**Activity**: A verbatim copy of the full data, with no pictures, is the expected answer.

** Input data follows **

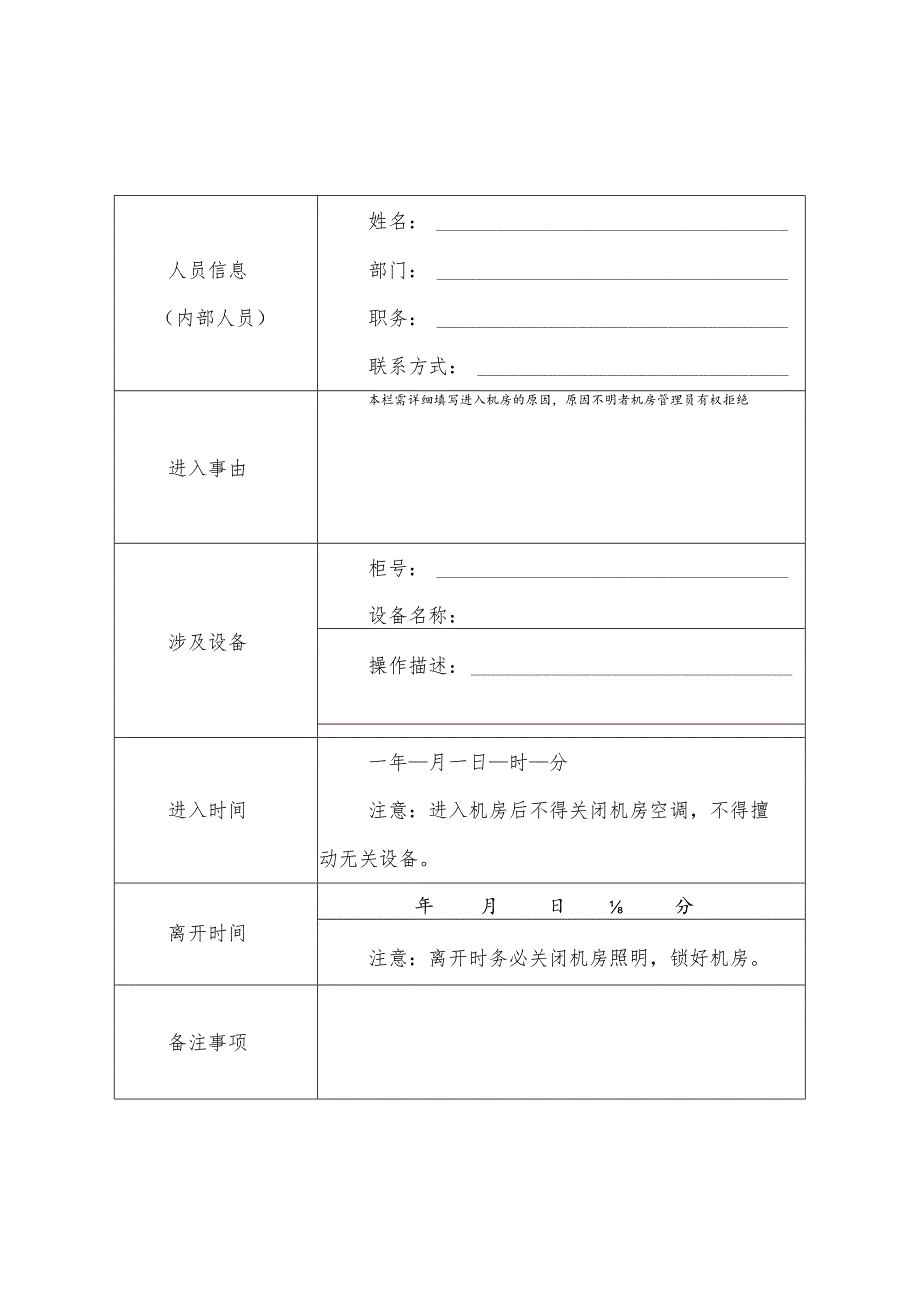 蚌埠工商学院内部人员出入机房记录表.docx_第1页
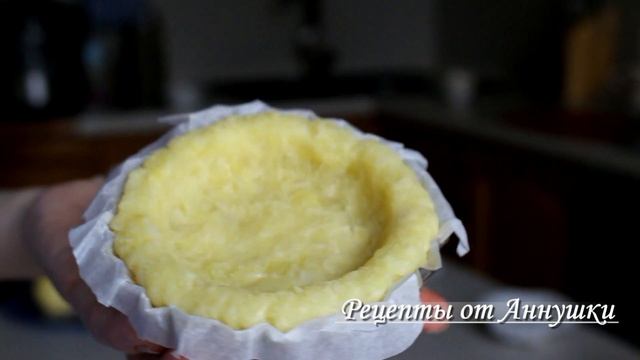 Праздничные картофельные корзиночки с скумбрией.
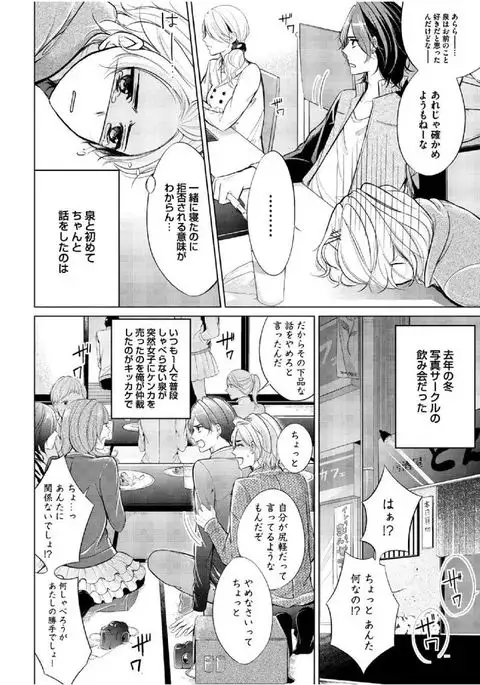 Douteimaku Shounen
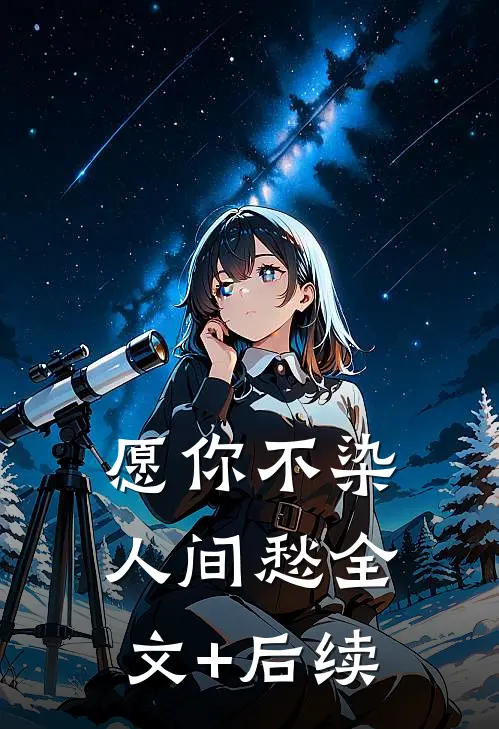 愿你不染人间愁全文+后续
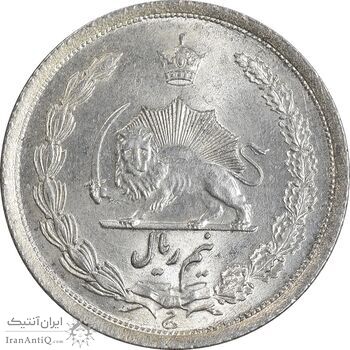 سکه نیم ریال 1310 - MS63 - رضا شاه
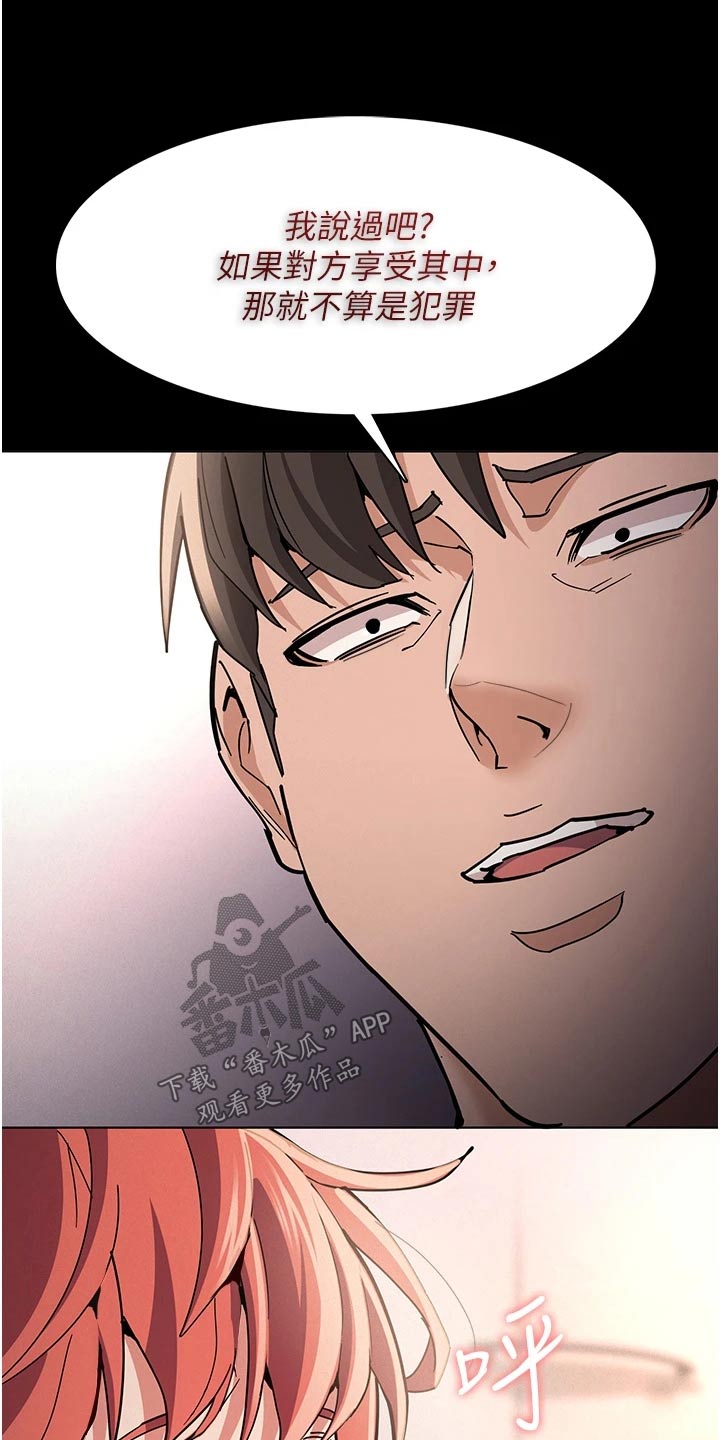 第29章：不能这样18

** End of Input data **

**Your response**:
 蚌埠工商学院内部人员出入机房记录表.docx_第1页
 Праздничные картофельные корзиночки с скумбрией.
 Douteimaku Shounen
 愿你不染人间愁全文+后续
 سکه نیم ریال 1310 - MS63 - رضا شاه
 第29章：不能这样18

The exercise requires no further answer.